Le tribunal correctionnel de Paris exige que les deux principales structures hexagonales de l'organisation d'origine américaine, qui contestera le jugement en appel, versent près de 1 million de dollars pour avoir abusé d'anciens adeptes.

Le «dirigeant de fait» des scientologues en France, Alain Rosenberg, ainsi que trois autres membres ont été condamnés à des peines de prison avec sursis allant de 18 mois à deux ans, accompagnées d'amendes individuelles.

Bien que les procureurs aient demandé la dissolution des deux structures ciblées par la procédure, le tribunal n'a pas obtempéré.

Une controverse avait éclaté l'été dernier après que la Mission interministérielle de vigilance et de lutte contre les dérives sectaires (Milivudes) eut révélé qu'une modification législative adoptée en mai rendait impossible la dissolution d'une personne morale pour escroquerie. Le gouvernement, parlant d'une simple «erreur», a ensuite infirmé la décision sans pour autant la rendre rétroactive.

Le juge «a exprimé sa volonté de faire en sorte que la structure de la scientologie soit maintenue pour qu'en réalité, on puisse mieux la contrôler et a voulu donner à ce jugement une dimension nationale et internationale pour que d'éventuelles victimes puissent être prévenues des méthodes», de l'organisation, a indiqué hier au quotidien Le Monde l'avocat des parties civiles, Me Olivier Morice.
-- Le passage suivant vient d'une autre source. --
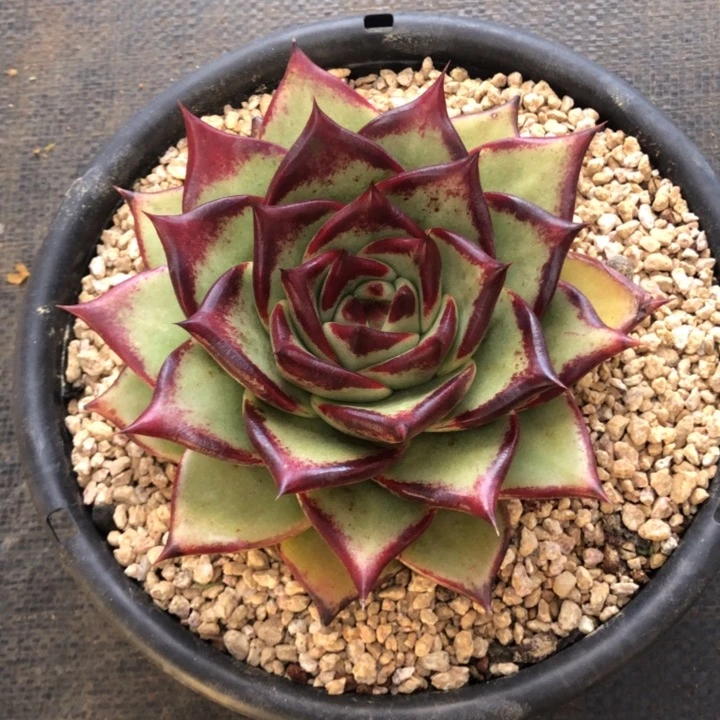 黄皮发色好看0000000005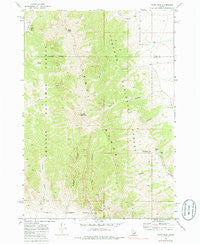 Tyler Peak Idaho Historical topographic map, 1:24000 scale, 7.5 X 7.5 Minute, Year 1969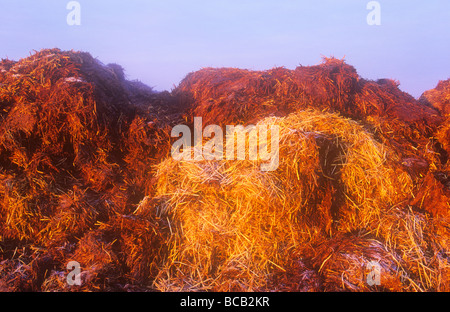 Manure on a farm in Leicestershire The livestock industry is a driver of climate change as it is both C02 and methane heavy Stock Photo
Le procès reposait notamment sur le témoignage d'une femme d'une quarantaine d'années, Aude-Claire Malton, qui s'est intéressée aux idées de Ron Hubbard à la fin des années 90 après avoir été sollicitée par des membres de l'organisation à la sortie d'un métro parisien.

Mme Malton, qui se trouvait alors dans une période de grande vulnérabilité, a déboursé plus de 30 000 dollars en quatre mois pour suivre des cours et obtenir des livres censés l'aider à se remettre sur pied. «Il fallait sans cesse acheter», a relaté la plaignante, qui a coupé les ponts avec l'organisation grâce à l'aide de son ex-conjoint.
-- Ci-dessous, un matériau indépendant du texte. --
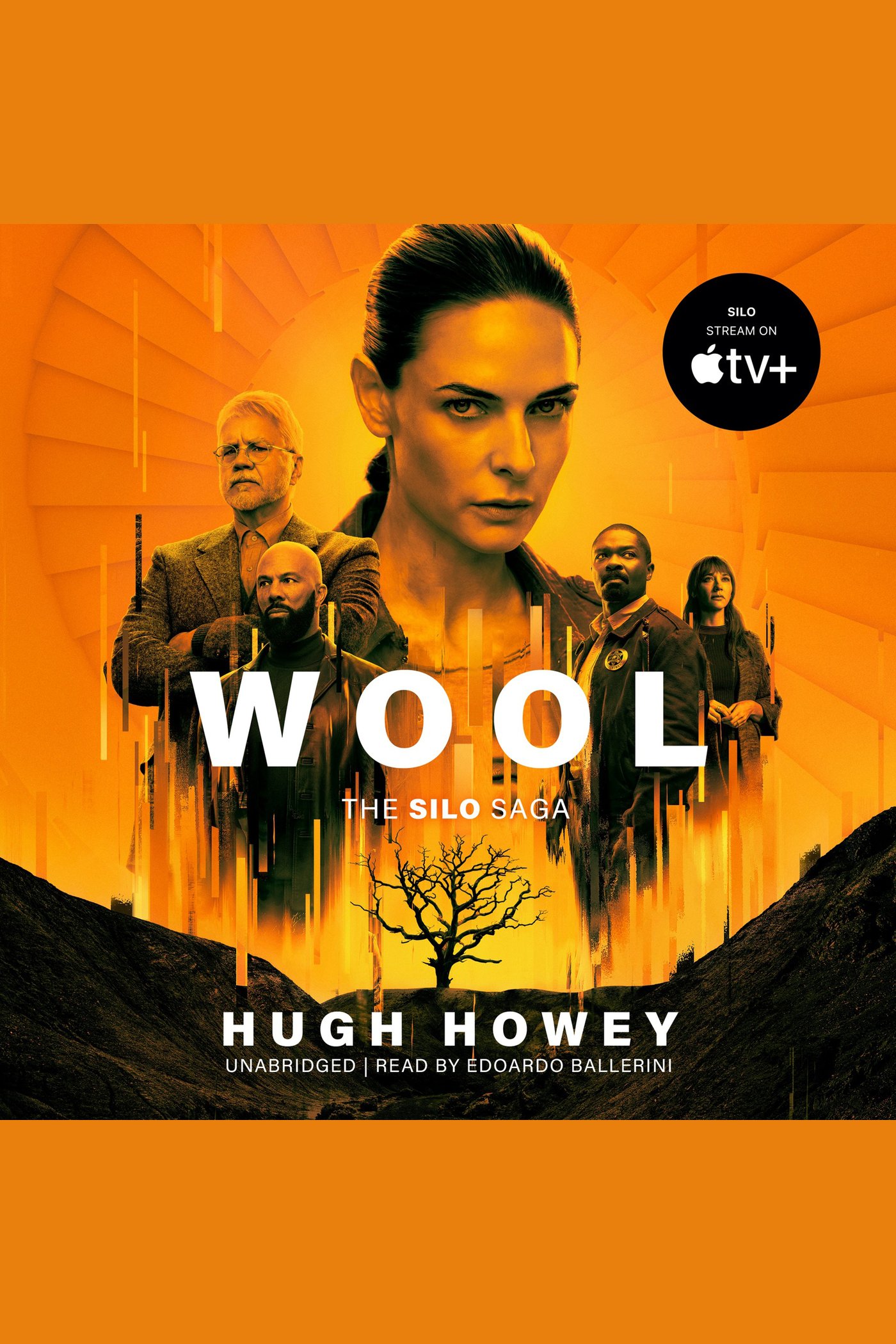 Wool cover image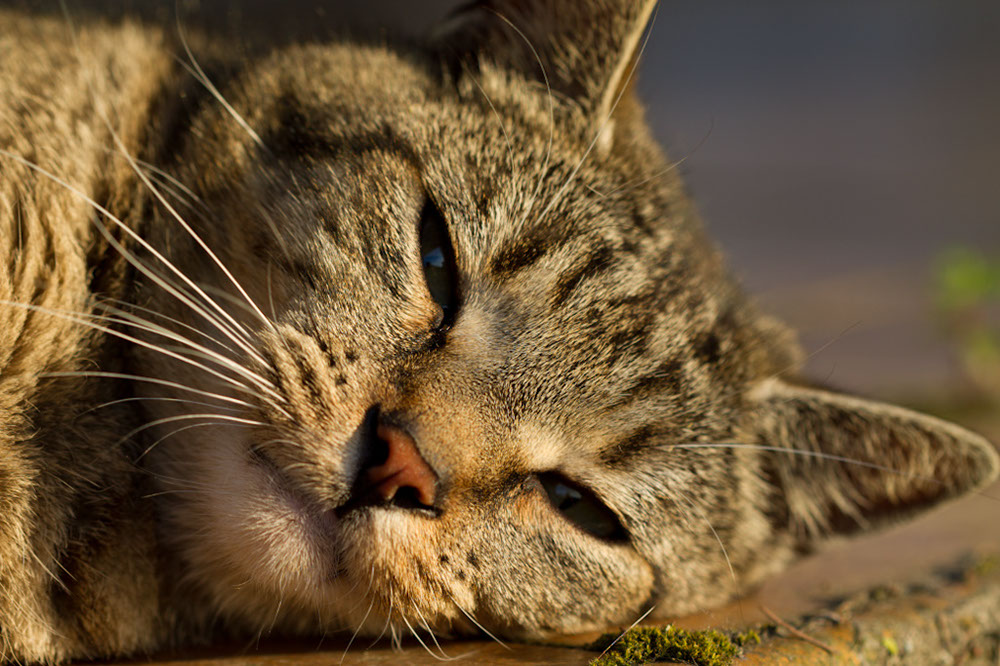 Sonnenschein tut Kater gut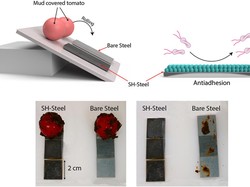 Ilmuwan Ciptakan Wadah Makanan yang Lebih Aman dari Bakteri, Pakai Lapisan Ini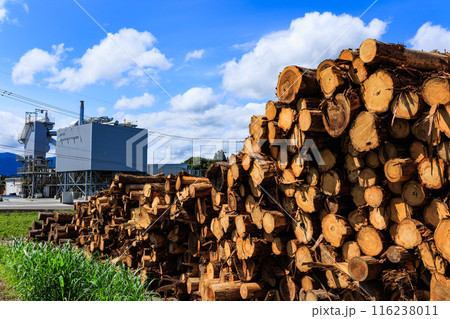 さつま町バイオマス発電所と木材 さつま町バイオマス発電所と木材 116238011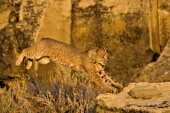 Bobcat jumping from rock to rock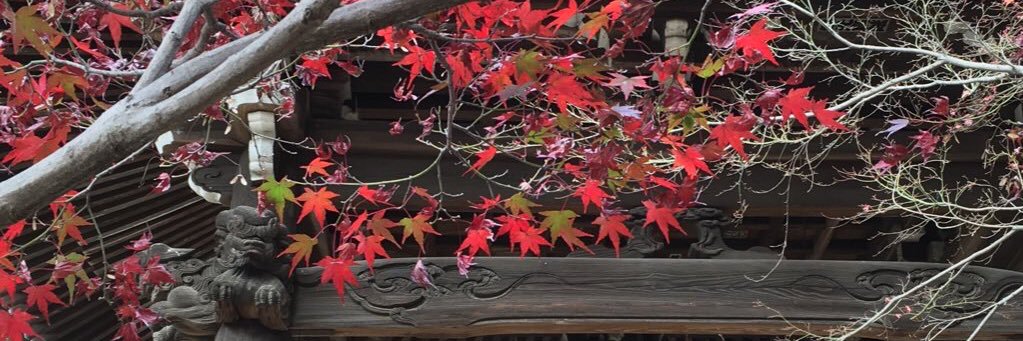 かーなー@チーム炭 banner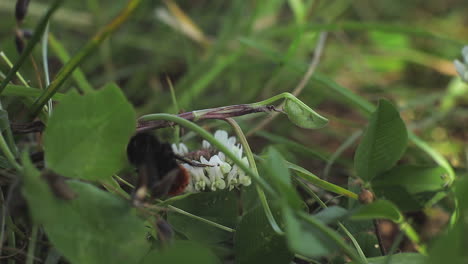 Biene-Krabbelt-über-Weiße-Blume-Und-Fliegt-Dann-Weg,-Tagsüber-Mittlerer-Schuss-Uk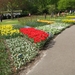 Keukenhof 23-04-2009 335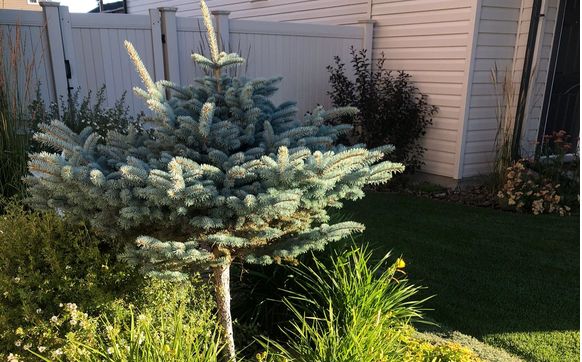 Landscape Design by Yard Attack Landscaping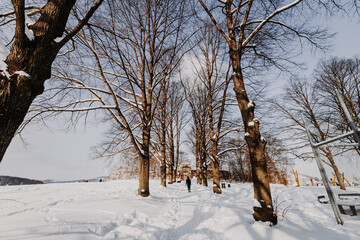 snow covered trees
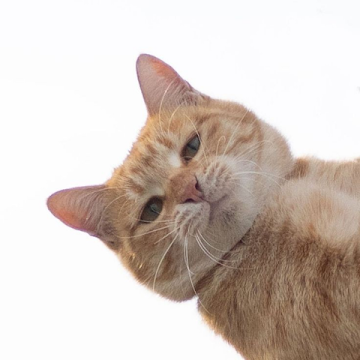 Profile photo of สิริขวัญชนก ไชยเชษฐ์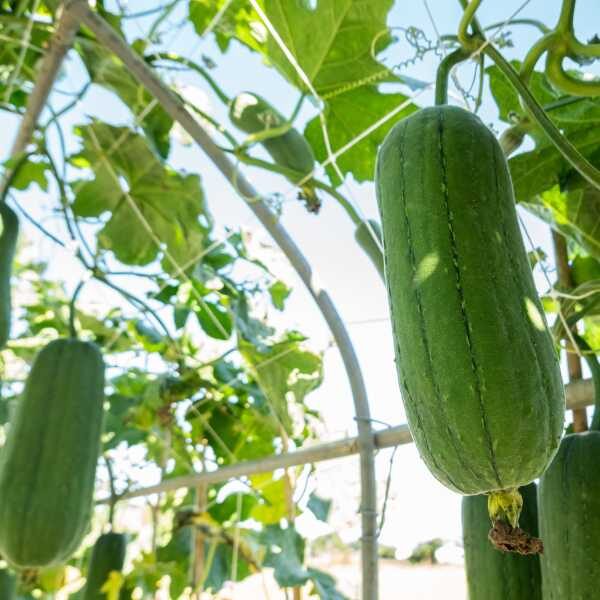 luffa-seeds-1 luffa-seeds-1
Loin de se considérer désavouée, l'Église de scientologie s'est félicitée hier, dans un communiqué, que la cour ait reconnu qu'elle «devait» continuer ses activités en France.
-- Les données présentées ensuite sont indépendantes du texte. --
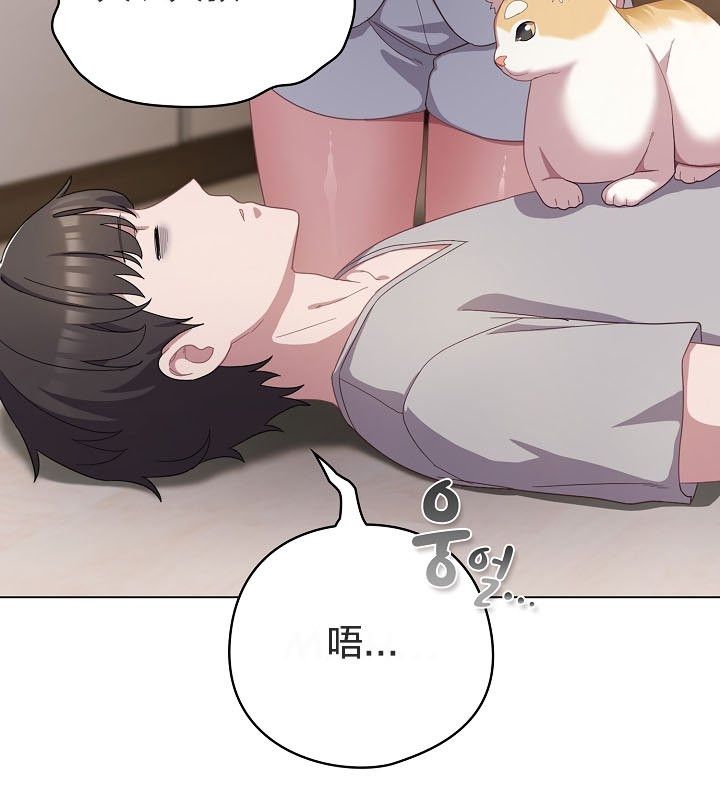 161P - 猫猫牵红线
«Il n'a pu échapper à la réalité qu'il existe une large communauté de scientologues heureux de pratiquer leur religion», indique l'organisation, qui se dit victime d'un «procès en hérésie, une inquisition des Temps modernes».

«Nous ne renoncerons pas. La religion de scientologie se développe plus que jamais et sa reconnaissance en France est inéluctable, comme dans les autres pays. Nous croyons que personne n'a le droit de dire aux Français ce qu'ils doivent dire et ce qu'ils doivent penser en matière de religion», a souligné un porte-parole.

La réaction était tout autre du côté des associations de lutte contre les sectes, qui parlaient hier d'une décision historique susceptible de nuire à l'organisation, classée comme «secte» dans un rapport parlementaire français de 1995.

Le président de la Milivudes, Georges Frenech, s'est réjoui, en particulier, que le fonctionnement même de l'Église de scientologie soit montré du doigt.

Certains membres avaient déjà été condamnés par le passé en France pour escroquerie sans que l'organisation elle-même ne soit sanctionnée.